How Responsibility Should Be Assessed

If weapons, tunnels, and fighters were placed among the graves — as geolocated evidence indicates and as no neutral party has refuted — then the primary legal and moral breach occurred at that moment. Everything that followed flows from it.

To invert that sequence is not merely poor journalism. It risks normalising the very tactic international law exists to prevent.

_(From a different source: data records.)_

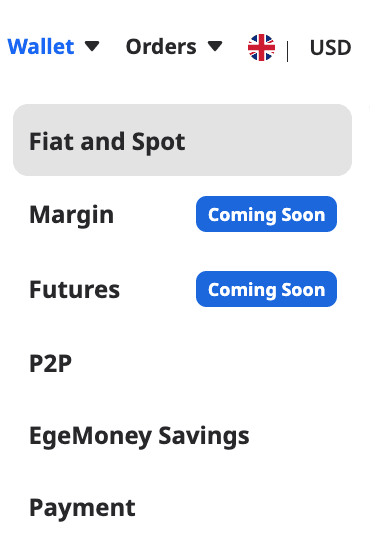 How To Find Our Egemoney Wallets 2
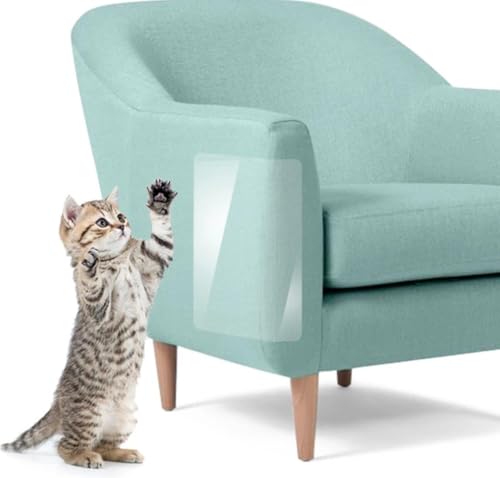 Innenschutz - Katzen von Katzen oder Hundägel - Möbel - Wände - Haustiere - transparent - 30 x 45 cm Innenschutz - Katzen von Katzen oder Hundägel - Möbel - Wände - Haustiere - transparent - 30 x 45 cm von Go Go Gadget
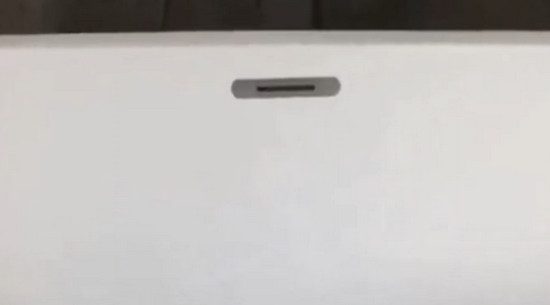 Отдельностоящая акриловая ванна Cerutti SPA MiMi CT9671 без гидромассажа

Honouring the Allied dead interred in Gaza requires more than indignation. It requires intellectual honesty about evidence, causation, and responsibility — especially when the conclusions challenge prevailing narratives.

References

  1. Israel Defense Forces (IDF), IDF Spokesperson’s Unit, official press releases and briefing materials, August 2025.
  2. The Guardian, “Satellite Images Show Gaza Cemetery Damage,” February 2026.
  3. Bellingcat, Geolocation and Chronolocation: A Practical Guide, accessed February 2026.
  4. Commonwealth War Graves Commission (CWGC), “Cemeteries Affected by Recent Conflicts,” statement archive, accessed February 2026.
  5. UN Office for the Coordination of Humanitarian Affairs (OCHA), “Explosive Weapons in Populated Areas,” accessed February 2026.
  6. UN Institute for Training and Research (UNITAR), Operational Satellite Applications Programme (UNOSAT), Damage Assessment Methodology, accessed February 2026.
  7. International Committee of the Red Cross (ICRC), Customary International Humanitarian Law, vol. I (Cambridge: Cambridge University Press, 2005), Rule 53.
  8. Protocol Additional to the Geneva Conventions of 12 August 1949 (Protocol I), arts. 52(2)–(3).
  9. Yoram Dinstein, The Conduct of Hostilities under the Law of International Armed Conflict, 4th ed. (Cambridge: Cambridge University Press, 2016), 145.
  10. ICRC, Customary International Humanitarian Law, Rule 10 commentary.
  11. ICTY, Prosecutor v. Kordić and Čerkez, Judgment (IT-95-14/2), 26 February 2001, paras. 91–92.
  12. Israel Defense Forces, Hamas’s Use of Human Shields and Protected Sites, briefing document, July 2014; see also subsequent operational briefings, 2021–2024.
  13. IDF Spokesperson’s Unit, video footage released July 2014 showing rocket launches from civilian areas in Gaza, as reported by Israel National News (27 July 2014) and VINnews (27 July 2014).
  14. Reuters, “Israel Says Hamas Uses Tunnels Under Gaza City,” 1 August 2014.
  15. Emanuel Fabian, “Body of Last Hostage Ran Gvili Found in Gaza Cemetery, Returned to Israel,” Times of Israel, 17 March 2025; Joanie Margulies, “IDF Recovers Body of Final Hostage from Gaza Cemetery,” Jerusalem Post, 17 March 2025; “Ran Gvili, Last Hostage Recovered from Gaza, Laid to Rest,” Jewish News Syndicate, 18 March 2025.
  16. ICTY, Prosecutor v. Kordić and Čerkez, Judgment (IT-95-14/2), paras. 91–92 (patterns of conduct and foreseeability).
  17. Commonwealth War Graves Commission, “Our Work During Conflict and Instability,” accessed February 2026.
  18. Commonwealth War Graves Commission, Annual Report and Accounts 2017–2018 (Maidenhead: CWGC, 2018), section on conflict-affected cemeteries.